Those of us from the northern, colder parts of the country who go off to Florida for a few days or weeks of sun each winter are  somewhat disdainfully dubbed 'snow birds' by the indigenous population. ('Indigenous,' in this case, means largely those who, having visited Florida in winter, eventually moved there and acquired, mentally at least, les droits de seigneur). Two can play this game, of course, particularly when Floridians flee northward in summer to escape the oppressive heat and humidity of their adopted state. But what kind of bird should we call them?   After all, in the Northern hemisphere, migrant birds come north for the summer and go south in winter. We are after all complementary sorts of bird, or two seasons of the same bird.. (The Canadian chanteuse Anne Murray, has a lovely song called 'Snow Birds,' in which the metaphorical becomes literal to serve a further metaphor.)

A long windup for some thoughts on the role that the four seasons play for those of us closer to the supposedly melting polar ice cap. In song and story, in poetry, the four seasons function metaphorically for the phases of human life. 'Winter Dreams,' a novella of F. Scott Fitzgerald's,as well as his story 'The Ice Palace.' Or 'Waiting for Winter,' collection of short stories by John O'Hara. Winter was the serious season in which O'Hara wrote novels. The winter of our discontent, of course,  and often in popular songs in which life is likened to the passing seasons, our lifetime a year of sorts. 'September Song,' but also Chaucer's'Winter is acumen in.' Cardinal Newman's sermon on the reestablishment of the hierarchy in England was called 'Second Spring.'  I myself once wrote a novella called 'A Season of Endings.

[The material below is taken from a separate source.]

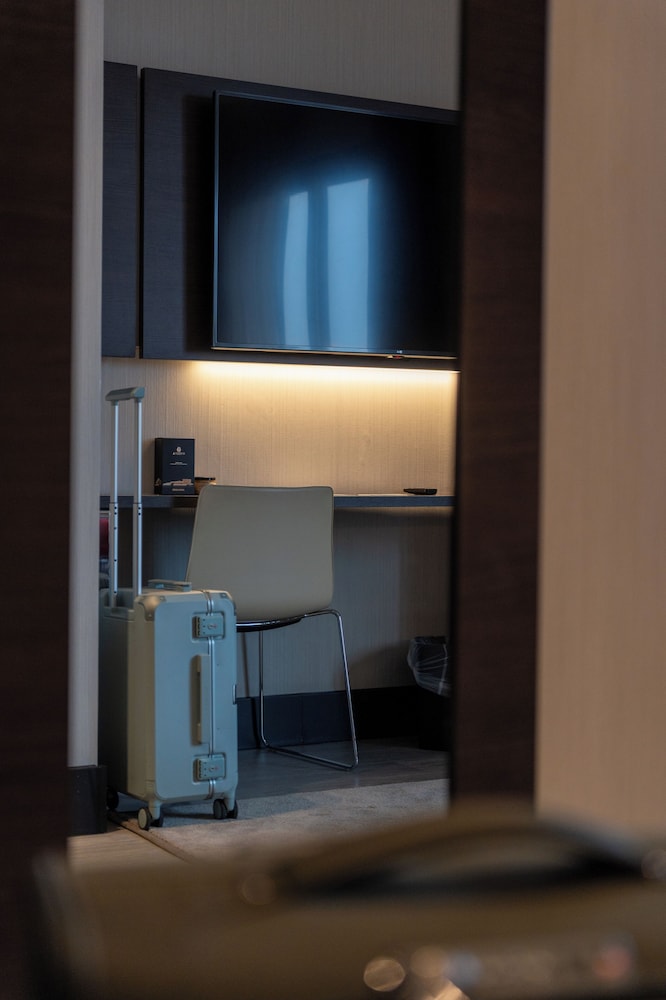 Habitación ejecutiva, 1 cama de matrimonio del hotel Novotel Madrid Center. Foto 1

Even to pick such random instances, tempts one to go on and on. Does one find this sort of thing in Mediterranean authors, in Dante? An Englishman in Italy could write, 'Oh to be in England, now that April's there." I suppose it seemed to him that it was always April in Italy. It would be a little smug, at least regional, to assert that the moral life requires four seasons in which to mature. To which a retort might be, 'Hail to thee, blythe spirit, bird thou never wert.' Human beings are not birds, of course, but we are inserted into the same natural world as they, issuing from fertilized eggs, followed by a protracted time in the nest, and then, at last, sent aloft in the world on our own, but always flocking together. Birds are, by nature, political animals, and so are we. But for  their 'lonely betters,' as Auden called us, it is a task as well as a condition.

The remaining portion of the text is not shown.